Since smart cards are used for identification and authentication in the field of banks and for access monitoring, the security of the data stored in the smart card is subject to very stringent requirements. If it is possible to read secret data from a smart card, or to manipulate it, then, in the worst case, it may be necessary for the system operator to shut down the system, to block all cards and to issue new cards which are immune to attack. The financial damage and the loss of confidence would be immense.
Attacks are made on weaknesses of smart cards at all levels. An attack at the physical level may, for example, make use of the free access of light to the chip in the chip module. It would thus be possible in the visible spectrum at wavelengths from 400 nm to 700 nm to read secret keys with the aid of an optical microscope. Thermal measurements in the infrared range from 700 to 2500 nm could be used to determine which parts of the chip circuit are heated, that is to say are currently operating. In this way, for example, it would be possible to determine the procedure sequence in an algorithm. Apart from optical analysis, free access of light to the chip also allows the chip to be deliberately disturbed, and a subsequent malfunction to be made use of.
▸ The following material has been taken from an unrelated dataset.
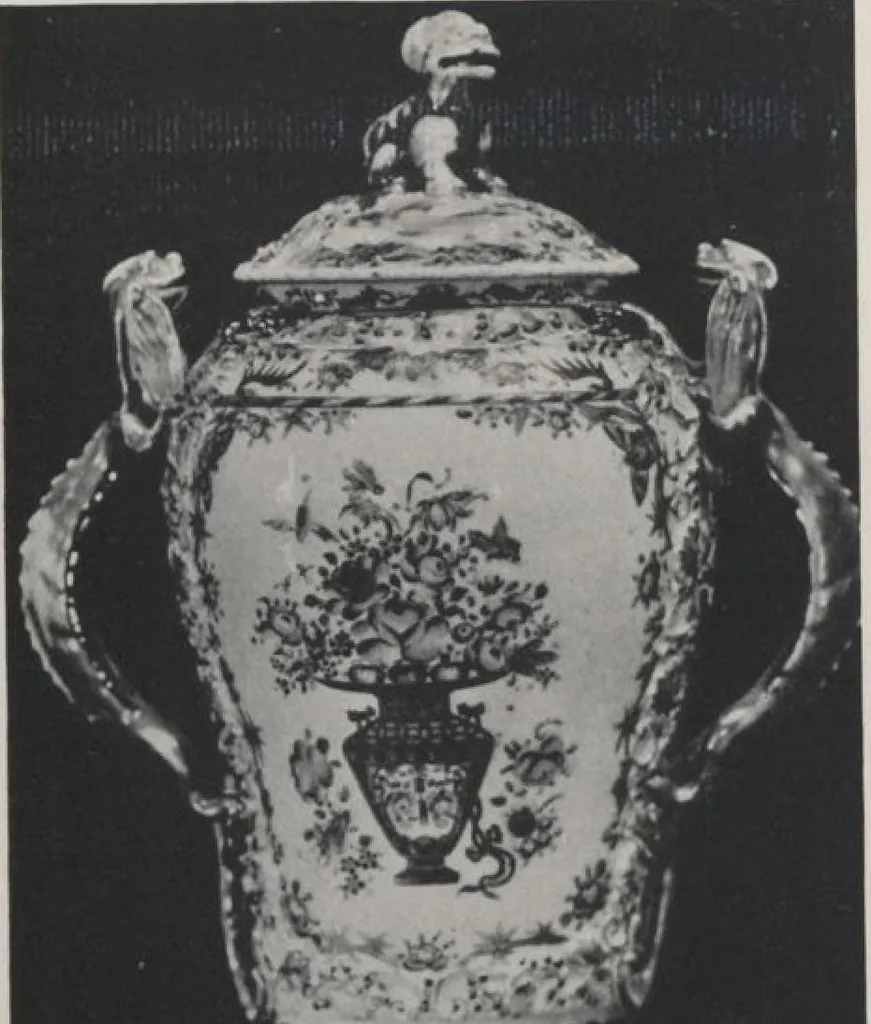 An illustration from Illustrated announcement of the sale by auction of the Jacob Paxson Temple collection of early American furniture and objects of art ... [electronic resource], 1922, leaf 242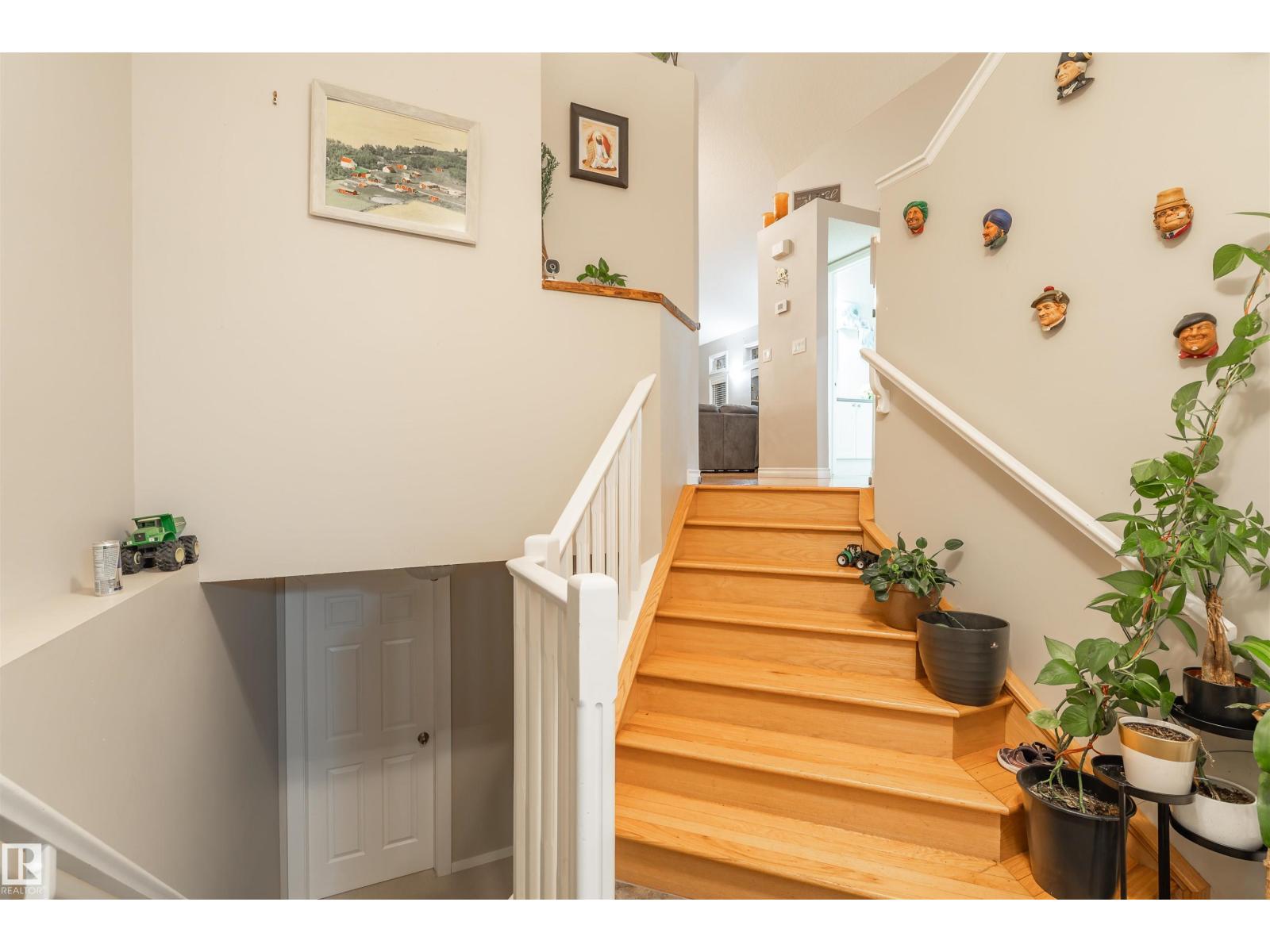 3438 19 ST NW, Edmonton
This could be done, for example, by irradiation of the chip with photons, which release electrons from the semiconductor lattice, and could thus deliberately lead to a change in the memory content or manipulation of data.
Optical analysis and influencing the chip by irradiation in the wavelength range from 200 nm to 2500 nm can be avoided by the use of light-impermeable encapsulation compounds, although these are not suitable for mass production of smart cards, owing to the slow curing time and their brittle nature.